ASSIGNMENT
Print back each record unchanged, without pictures.

Scraped caption text data
================================

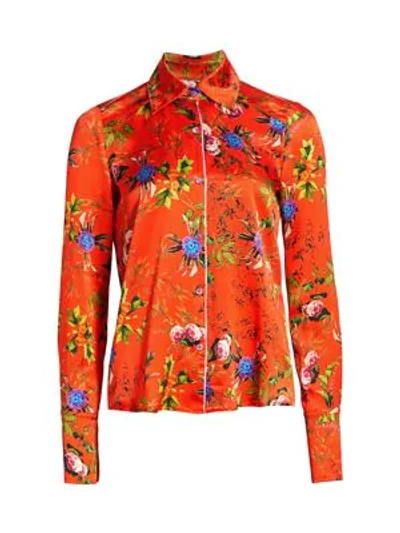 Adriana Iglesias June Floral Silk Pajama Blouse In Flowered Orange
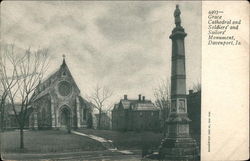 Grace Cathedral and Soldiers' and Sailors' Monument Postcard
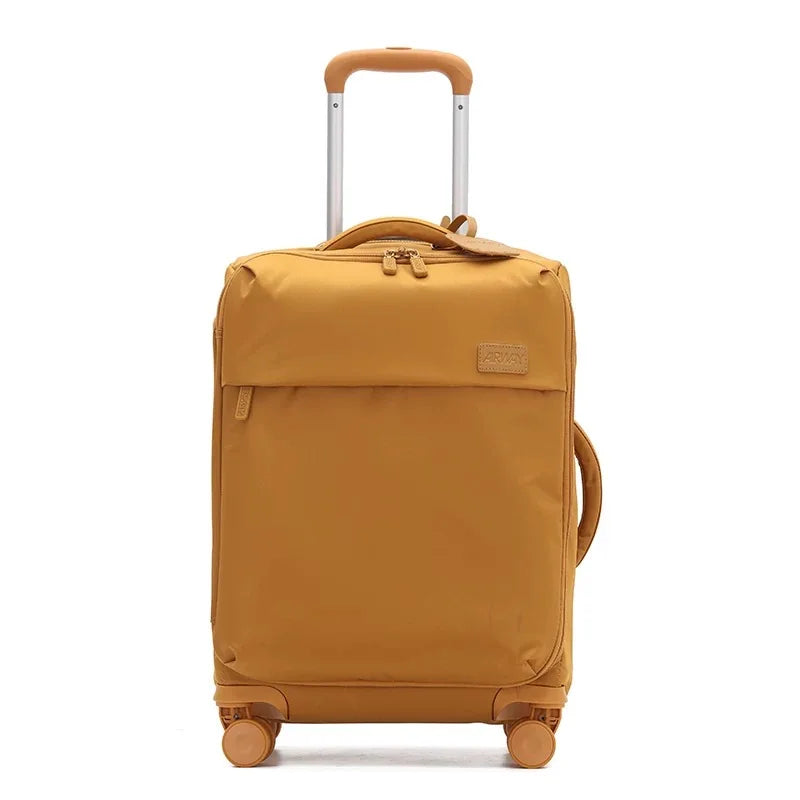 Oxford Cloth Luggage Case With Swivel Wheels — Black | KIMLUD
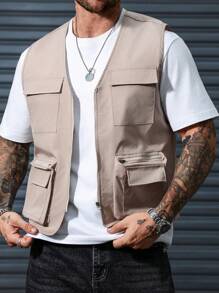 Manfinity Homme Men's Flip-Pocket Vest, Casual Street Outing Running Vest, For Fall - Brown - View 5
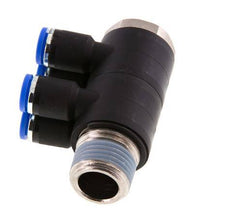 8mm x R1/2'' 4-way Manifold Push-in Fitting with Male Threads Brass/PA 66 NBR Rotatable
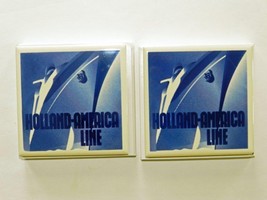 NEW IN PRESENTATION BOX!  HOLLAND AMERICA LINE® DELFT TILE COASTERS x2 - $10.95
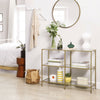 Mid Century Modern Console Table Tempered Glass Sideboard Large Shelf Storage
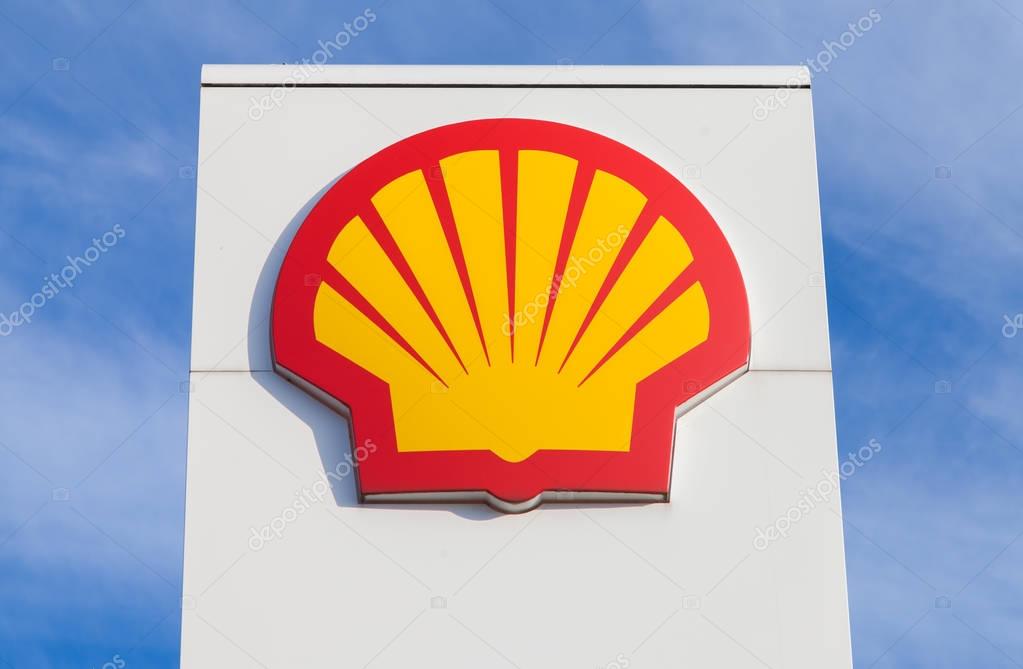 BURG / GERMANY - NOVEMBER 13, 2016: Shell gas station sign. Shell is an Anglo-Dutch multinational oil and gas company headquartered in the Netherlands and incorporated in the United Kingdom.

================================

ANSWER TO THIS TASK
 Adriana Iglesias June Floral Silk Pajama Blouse In Flowered Orange
 Grace Cathedral and Soldiers' and Sailors' Monument Postcard
 Oxford Cloth Luggage Case With Swivel Wheels — Black | KIMLUD
 Manfinity Homme Men's Flip-Pocket Vest, Casual Street Outing Running Vest, For Fall - Brown - View 5
 8mm x R1/2'' 4-way Manifold Push-in Fitting with Male Threads Brass/PA 66 NBR Rotatable
 NEW IN PRESENTATION BOX!  HOLLAND AMERICA LINE® DELFT TILE COASTERS x2 - $10.95
 Mid Century Modern Console Table Tempered Glass Sideboard Large Shelf Storage
 BURG / GERMANY - NOVEMBER 13, 2016: Shell gas station sign. Shell is an Anglo-Dutch multinational oil and gas company headquartered in the Netherlands and incorporated in the United Kingdom.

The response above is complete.